Otro plato inolvidable: papillote de endivia 50%, técnica de los 80 pero actualizada por Ferrán. Capítulo japonés que comienza con las cerillas de soja, a la que continúa la osadía del sushi de médula y ventresca, y la audacia de platos como: hígado de rape Osaka con coco, la anémona fría con percebe, y la nécora anémona (servida en el propio caparazón). Continuamos con la fusión latina: ceviche de almejas y cactus kalanche, cóctel de ceviche y almejas, taco de Oaxaca, una plato para la historia: gazpacho y ajo blanco.

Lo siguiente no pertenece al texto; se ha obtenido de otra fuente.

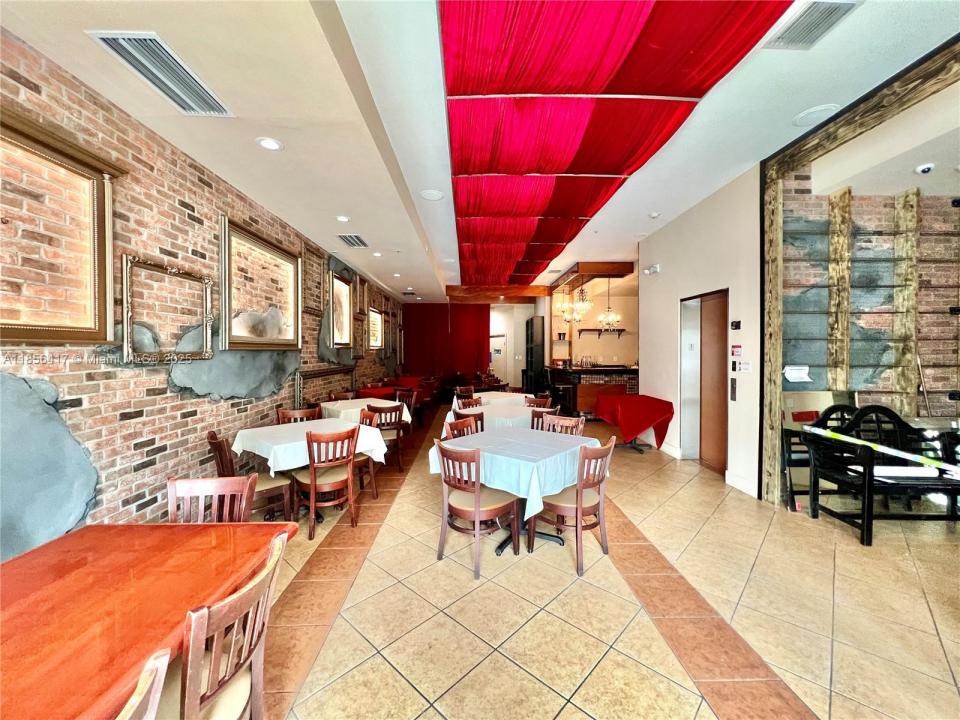 223 Valencia Ave, Coral Gables, Florida 33134, USA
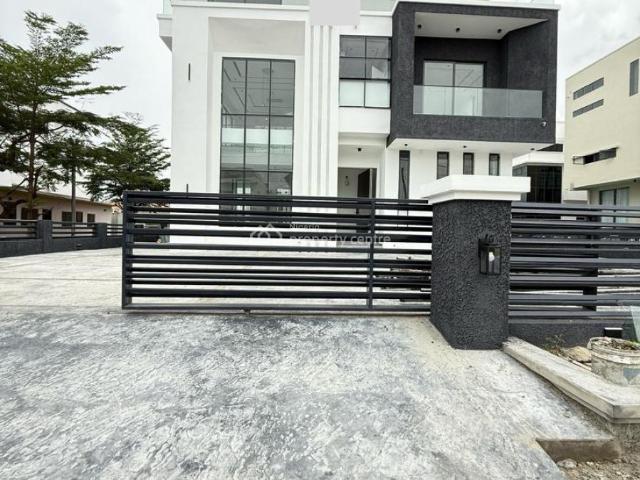Detached duplex for sale in Lekki, Lagos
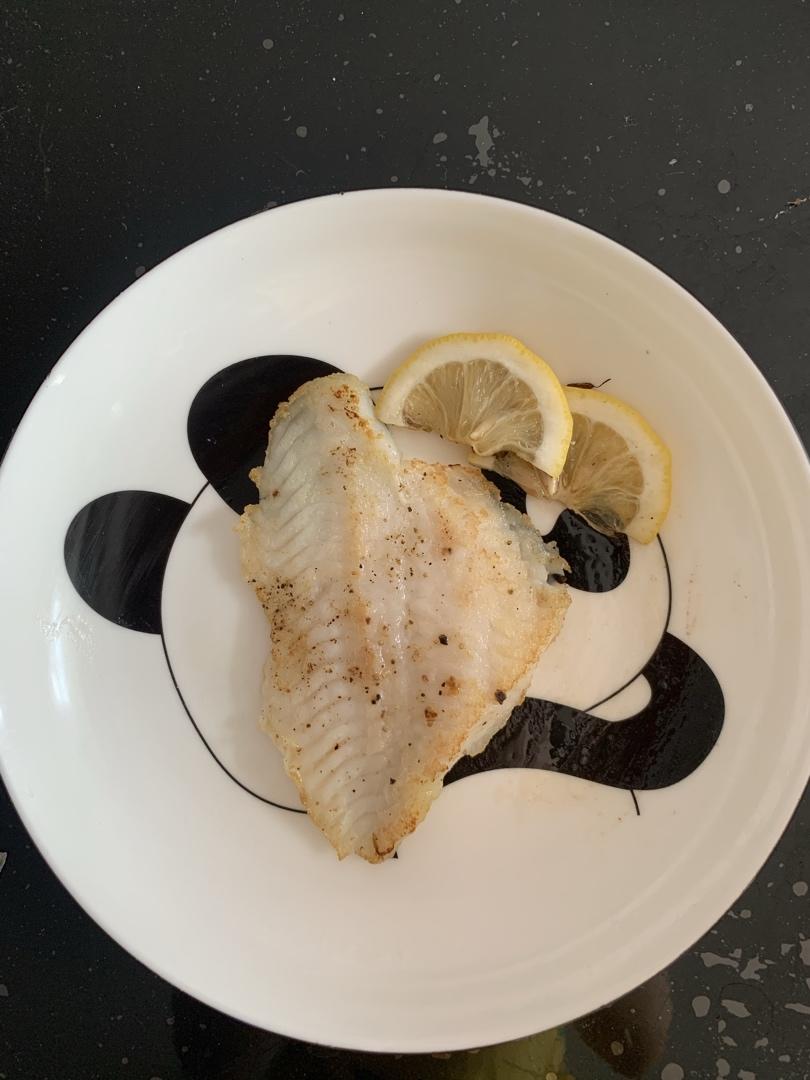 香煎龙利鱼——fit食谱系列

Más genialidades de temporada; la caza. Tórtola con risotto de moras al cardamomo. Macarrón de caza y foie gras. Ravioli de liebre con su boloñesa y su sangre. Y otro plato audaz, pero lleno de genialidad: fresas calientes con consomé de liebre.
Comienzan los postres, pero continúa el ingenio: castañas miméticas. Marrón Glacée trufado. Terrón de azúcar al te y lima. Lulo a la parrilla. Estanque ¿paisajes comestibles? Coca de Cristal, y Rosa de Manzana.
Para finalizar una inimaginable caja repleta de bombones, golosinas y petit fours.
Dos hechos a destacar del menú: apenas utilizas los cubiertos, salvo en unos pocos platos, y el pan no aparece en ningún momento. Y el servicio en todo momento perfecto; alegre ma non troppo.
De verdad, una cena inolvidable. ¿La mejor de la vida?, si no vuelvo a El Bulli; sin duda.